'''
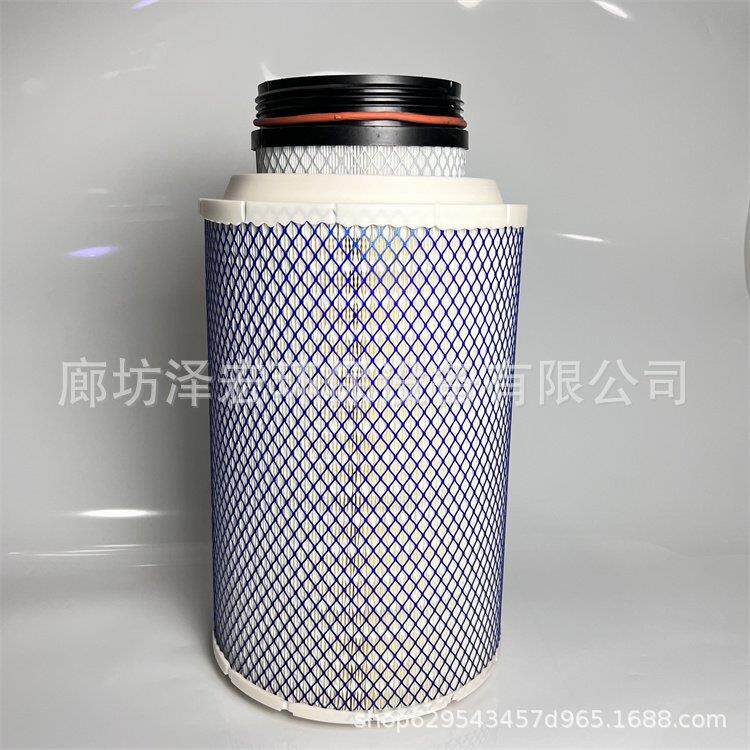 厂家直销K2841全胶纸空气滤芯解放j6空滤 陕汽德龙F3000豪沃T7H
'''
'''
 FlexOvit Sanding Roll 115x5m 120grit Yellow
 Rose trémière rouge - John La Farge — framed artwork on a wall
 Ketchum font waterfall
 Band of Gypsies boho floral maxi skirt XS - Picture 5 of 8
'''
'''
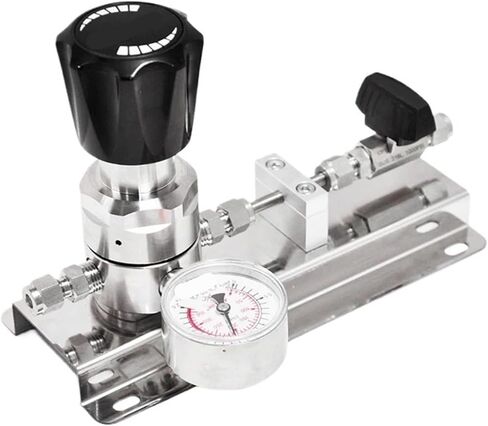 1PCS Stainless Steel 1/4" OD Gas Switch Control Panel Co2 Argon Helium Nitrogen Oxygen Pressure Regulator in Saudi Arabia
'''
**ACTION ITEM**
Give again exactly, and only, the lines above starting at the one with "Ketchum font waterfall" and ending at the one with "Band of Gypsies".

**ANSWER FOR THE TASK**
 Ketchum font waterfall
 Band of Gypsies boho floral maxi skirt XS - Picture 5 of 8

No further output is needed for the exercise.